Prerequisites
Bug Description
使用AOT官方文档编译产出example/qwen2_qnn_aot后在手机端执行。通过微小修改aot_run.cpp后decode产生乱码
设备:
SM8850芯片(V81)
一加15
模型:
qwen2.5 1.5B
请问是aot_run本身的bug还是我在复现的时候有误操作造成的?是否有推荐的排查路径?
Steps to Reproduce
aot_run修改:
#include <iostream>
#include <fmt/core.h>
#include <mllm/mllm.hpp>
#include <string>
#include "mllm/backends/qnn/aot_rt/QnnAOTRuntime.hpp"
#include "mllm/models/qwen3/configuration_qwen3.hpp"

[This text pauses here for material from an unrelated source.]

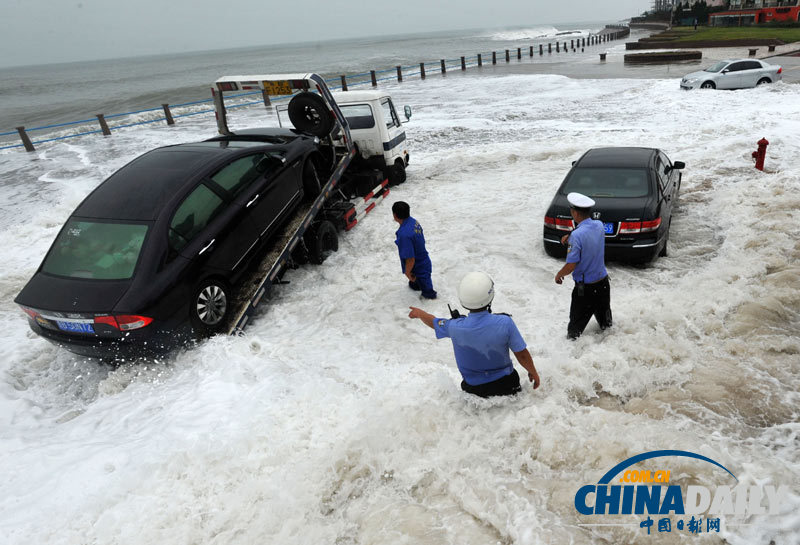 台风袭来青岛海域掀巨浪 民警斩浪救车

#include "mllm/models/qwen3/tokenization_qwen3.hpp"
using mllm::Argparse;
using namespace mllm::qnn::aot; // NOLINT
MLLM_MAIN({
auto& help = Argparse::add<bool>("-h|--help").help("Show help message");
auto& model_path = Argparse::add<std::string>("-m|--model").help("Model path").def("qwen2_qnn.mllm");
auto& tokenizer_path = Argparse::add<std::string>("-t|--tokenizer").help("Tokenizer path").def("tokenizer.json");
auto& config_path = Argparse::add<std::string>("-c|--config").help("Config path").required(true);
auto& prompt_text = Argparse::add<std::string>("-p|--prompt").help("Prompt text").def("hello");
auto& ar_len = Argparse::add<int>("--ar_len").help("Autoregressive length (chunk size)").def(128);
auto& gen_len = Argparse::add<int>("--gen_len").help("Generate token length").def(32);
Argparse::parse(argc, argv);
if (help.isSet()) {
Argparse::printHelp();
return 0;
}
mllm::initQnnBackend(model_path.get());
auto qwen2_cfg = mllm::models::qwen3::Qwen3Config(config_path.get());
RunnerConfig config;
config.num_layers = qwen2_cfg.num_hidden_layers;
config.num_heads = qwen2_cfg.num_key_value_heads;
config.head_dim = qwen2_cfg.head_dim;
config.vocab_size = qwen2_cfg.vocab_size;
config.context_len = 1024;
config.ar_len = ar_len.get();
auto tokenizer = mllm::models::qwen3::Qwen3Tokenizer(tokenizer_path.get());
// Qwen2.5 chat models expect ChatML-style prompts. Avoid injecting <think> tags here:
// the tokenizer used with the current qwen2.5 assets does not have them in vocab and
// would map them to token id 0, which corrupts the prompt and leads to garbled output.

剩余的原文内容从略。